LISTED RECORDS section start

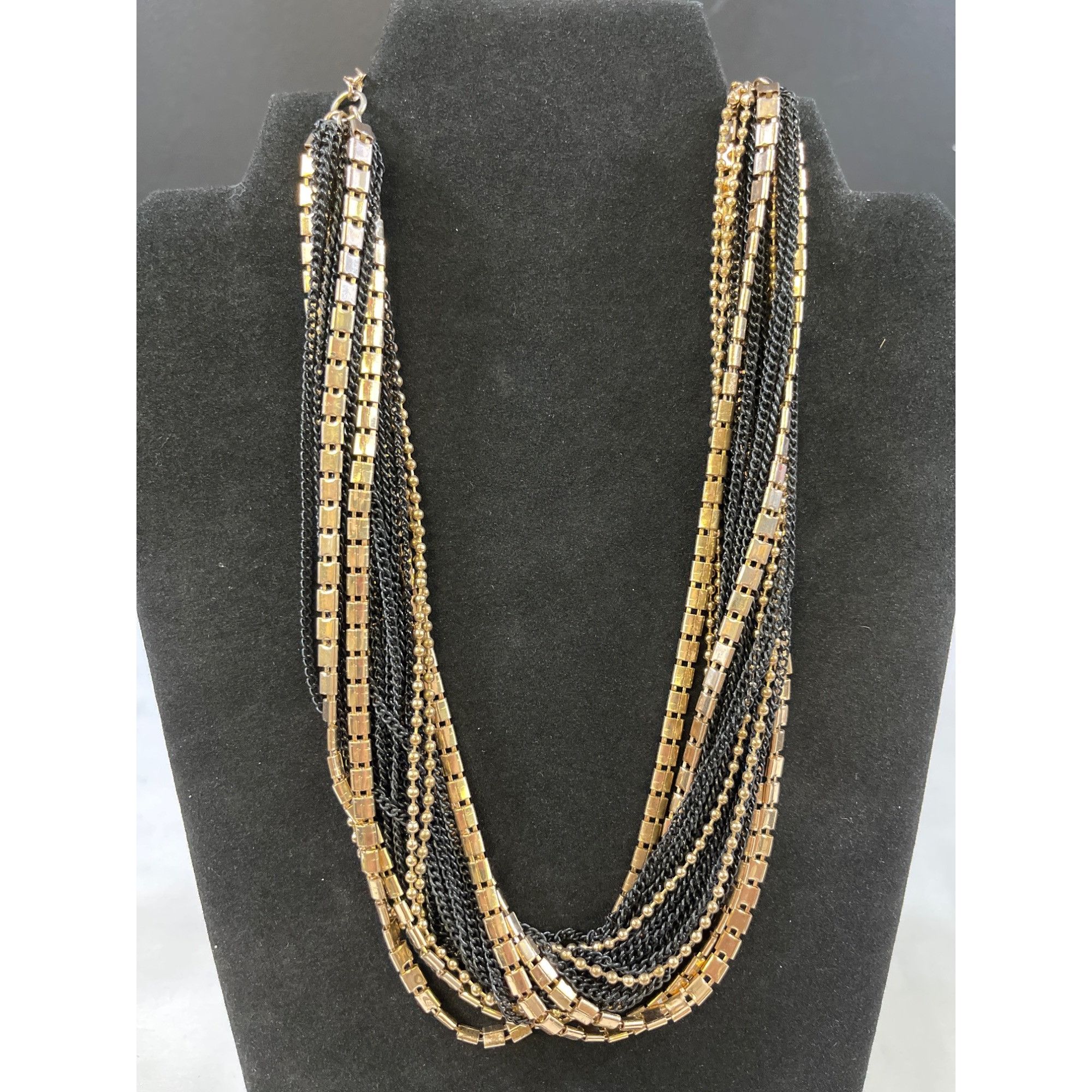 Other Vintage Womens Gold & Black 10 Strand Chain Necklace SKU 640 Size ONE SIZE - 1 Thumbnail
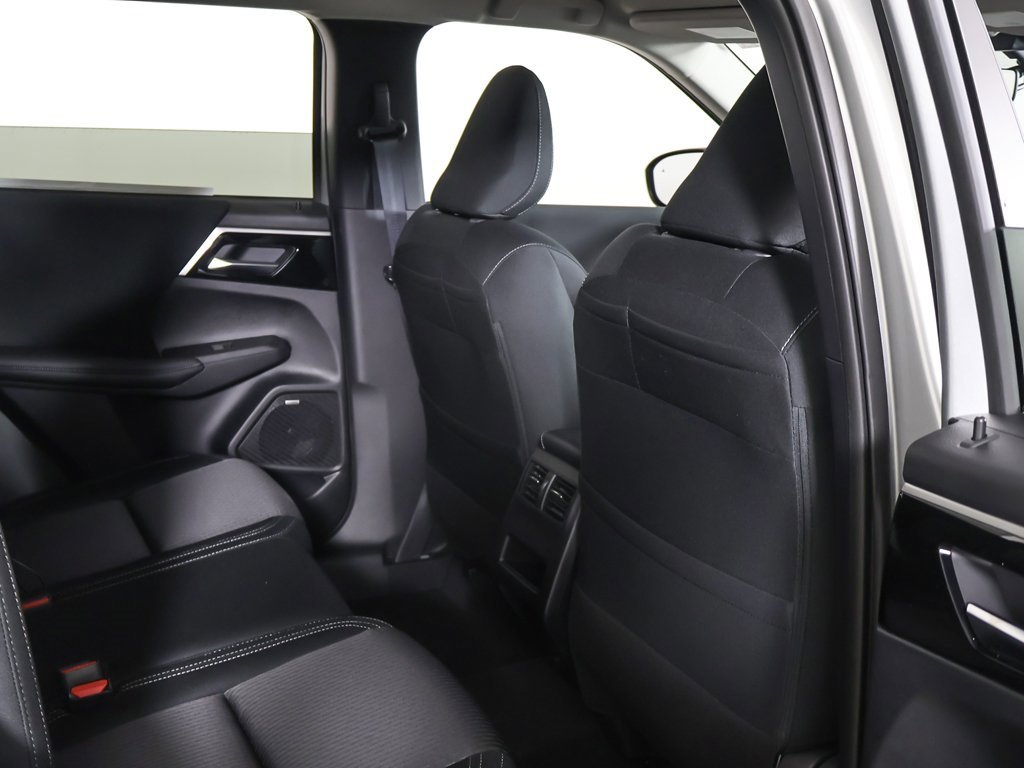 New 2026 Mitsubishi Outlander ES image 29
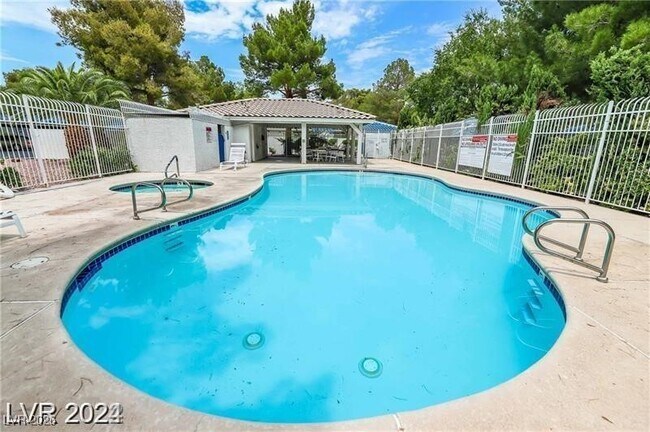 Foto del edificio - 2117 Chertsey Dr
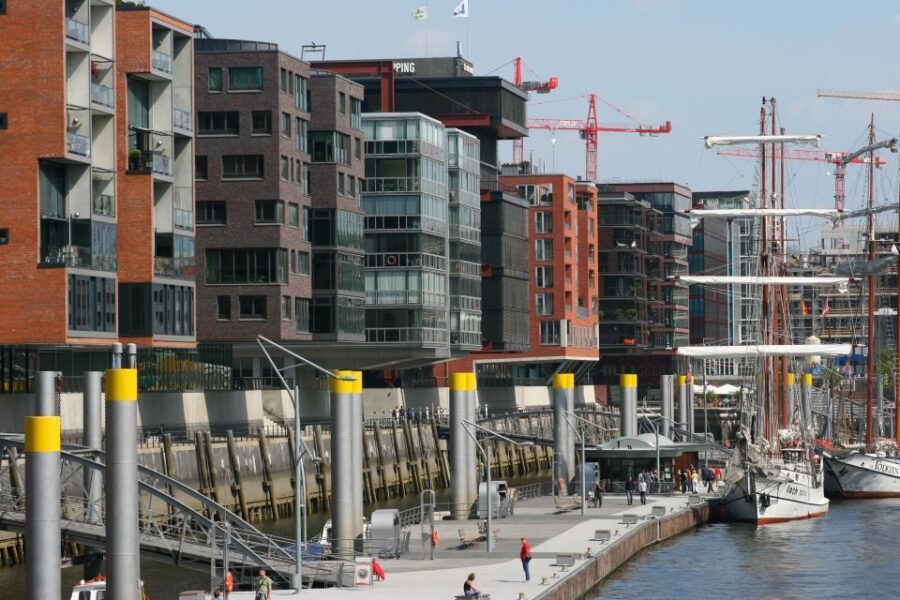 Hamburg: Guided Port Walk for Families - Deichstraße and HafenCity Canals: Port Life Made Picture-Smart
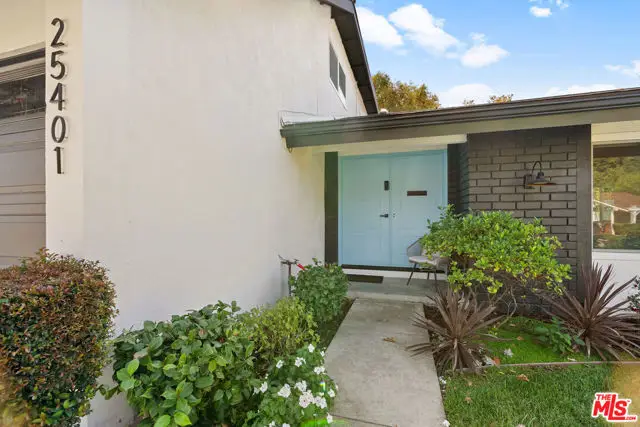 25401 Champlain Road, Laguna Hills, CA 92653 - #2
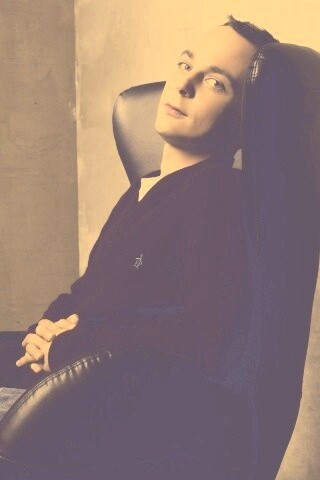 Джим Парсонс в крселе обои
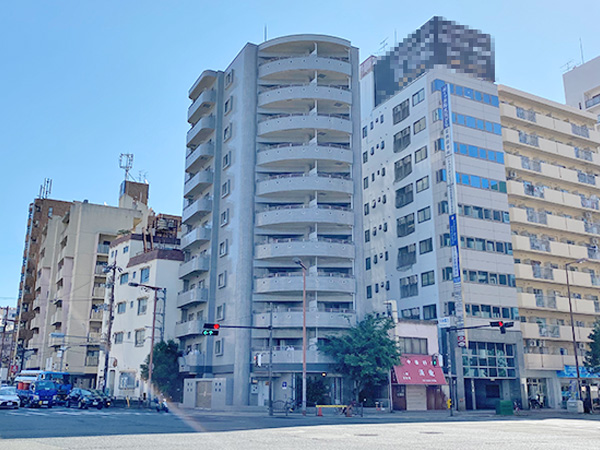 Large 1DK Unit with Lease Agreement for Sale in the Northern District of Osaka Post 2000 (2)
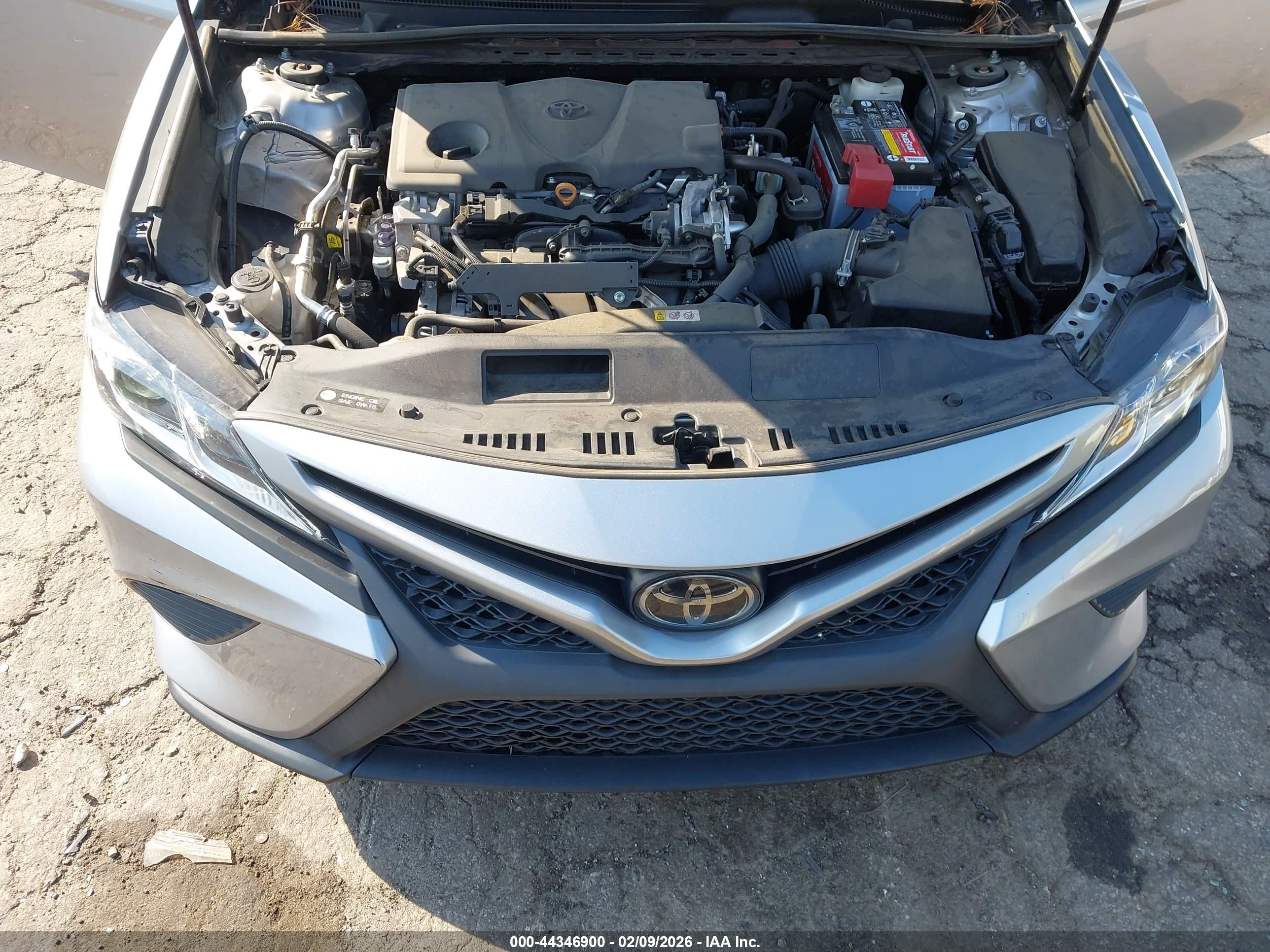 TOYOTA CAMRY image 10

LISTED RECORDS section end

## WHAT TO PRODUCE
Using the records above, reproduce exactly the lines from the line containing "Hamburg: Guided Port" through the last line, with both ends kept and no pictures.

## RESPONSE BOX
 Hamburg: Guided Port Walk for Families - Deichstraße and HafenCity Canals: Port Life Made Picture-Smart
 25401 Champlain Road, Laguna Hills, CA 92653 - #2
 Джим Парсонс в крселе обои
 Large 1DK Unit with Lease Agreement for Sale in the Northern District of Osaka Post 2000 (2)
 TOYOTA CAMRY image 10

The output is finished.